(Caption-style text data)
★ ★ ★ ★

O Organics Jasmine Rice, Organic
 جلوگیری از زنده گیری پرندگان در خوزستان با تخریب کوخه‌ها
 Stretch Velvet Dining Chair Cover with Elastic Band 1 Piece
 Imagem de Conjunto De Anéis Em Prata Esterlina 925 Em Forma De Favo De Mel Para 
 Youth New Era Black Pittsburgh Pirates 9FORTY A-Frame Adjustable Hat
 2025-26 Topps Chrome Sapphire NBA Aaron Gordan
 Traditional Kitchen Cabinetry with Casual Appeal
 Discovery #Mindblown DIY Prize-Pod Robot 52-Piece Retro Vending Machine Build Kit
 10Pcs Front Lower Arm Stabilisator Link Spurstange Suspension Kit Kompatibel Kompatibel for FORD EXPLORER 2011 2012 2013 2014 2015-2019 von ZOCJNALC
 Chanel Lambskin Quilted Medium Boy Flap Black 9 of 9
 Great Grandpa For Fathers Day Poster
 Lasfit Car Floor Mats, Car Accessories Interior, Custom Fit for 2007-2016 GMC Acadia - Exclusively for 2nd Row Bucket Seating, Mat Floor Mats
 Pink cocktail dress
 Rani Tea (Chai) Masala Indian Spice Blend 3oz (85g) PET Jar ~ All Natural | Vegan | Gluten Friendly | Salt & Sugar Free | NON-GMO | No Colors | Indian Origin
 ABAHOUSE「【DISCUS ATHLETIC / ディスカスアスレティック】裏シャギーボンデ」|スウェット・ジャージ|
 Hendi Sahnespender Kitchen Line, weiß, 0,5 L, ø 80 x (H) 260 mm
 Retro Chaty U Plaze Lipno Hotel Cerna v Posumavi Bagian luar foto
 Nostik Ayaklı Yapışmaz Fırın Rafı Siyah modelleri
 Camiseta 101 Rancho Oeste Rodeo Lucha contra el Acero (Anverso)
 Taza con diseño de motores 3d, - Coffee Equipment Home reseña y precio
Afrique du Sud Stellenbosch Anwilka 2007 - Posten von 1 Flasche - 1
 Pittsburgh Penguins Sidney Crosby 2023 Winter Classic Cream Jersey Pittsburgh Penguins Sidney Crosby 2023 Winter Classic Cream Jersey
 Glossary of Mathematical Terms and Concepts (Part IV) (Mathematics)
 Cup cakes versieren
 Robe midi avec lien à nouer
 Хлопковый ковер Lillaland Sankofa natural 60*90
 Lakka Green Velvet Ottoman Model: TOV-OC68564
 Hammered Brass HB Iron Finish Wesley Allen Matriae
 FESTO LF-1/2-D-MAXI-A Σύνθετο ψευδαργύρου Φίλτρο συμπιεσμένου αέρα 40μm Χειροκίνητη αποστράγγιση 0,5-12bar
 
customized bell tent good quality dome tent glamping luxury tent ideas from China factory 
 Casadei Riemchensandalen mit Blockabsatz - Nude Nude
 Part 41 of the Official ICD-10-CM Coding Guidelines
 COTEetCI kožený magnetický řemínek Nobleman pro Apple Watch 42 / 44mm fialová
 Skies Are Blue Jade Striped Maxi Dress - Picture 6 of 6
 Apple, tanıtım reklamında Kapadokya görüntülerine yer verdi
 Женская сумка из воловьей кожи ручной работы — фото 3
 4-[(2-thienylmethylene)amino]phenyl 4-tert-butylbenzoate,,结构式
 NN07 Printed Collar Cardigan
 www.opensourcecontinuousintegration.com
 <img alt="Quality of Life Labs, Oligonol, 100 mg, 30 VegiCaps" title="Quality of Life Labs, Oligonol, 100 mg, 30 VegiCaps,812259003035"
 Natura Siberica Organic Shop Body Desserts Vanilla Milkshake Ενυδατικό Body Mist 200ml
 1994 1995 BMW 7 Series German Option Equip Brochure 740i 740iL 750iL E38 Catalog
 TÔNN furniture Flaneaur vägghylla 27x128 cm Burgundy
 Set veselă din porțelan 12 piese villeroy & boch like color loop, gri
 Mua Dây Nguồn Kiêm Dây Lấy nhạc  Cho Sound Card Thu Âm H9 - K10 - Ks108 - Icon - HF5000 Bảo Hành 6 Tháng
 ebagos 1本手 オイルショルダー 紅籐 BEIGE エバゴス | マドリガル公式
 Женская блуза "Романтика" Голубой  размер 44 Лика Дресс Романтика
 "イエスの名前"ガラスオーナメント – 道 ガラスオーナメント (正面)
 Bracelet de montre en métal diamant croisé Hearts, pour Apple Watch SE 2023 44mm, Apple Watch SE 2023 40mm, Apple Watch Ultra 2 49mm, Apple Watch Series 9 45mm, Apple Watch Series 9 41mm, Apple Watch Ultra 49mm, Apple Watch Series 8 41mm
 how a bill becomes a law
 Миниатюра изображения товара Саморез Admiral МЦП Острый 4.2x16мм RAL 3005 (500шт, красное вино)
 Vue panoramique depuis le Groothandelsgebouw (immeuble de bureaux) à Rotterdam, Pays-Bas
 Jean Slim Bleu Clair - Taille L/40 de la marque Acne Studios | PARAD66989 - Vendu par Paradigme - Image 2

★ ★ ★ ★

# Required action:
Identify every line above that includes the word "Женская", and show those lines.

# Exercise result:
 Женская сумка из воловьей кожи ручной работы — фото 3
 Женская блуза "Романтика" Голубой  размер 44 Лика Дресс Романтика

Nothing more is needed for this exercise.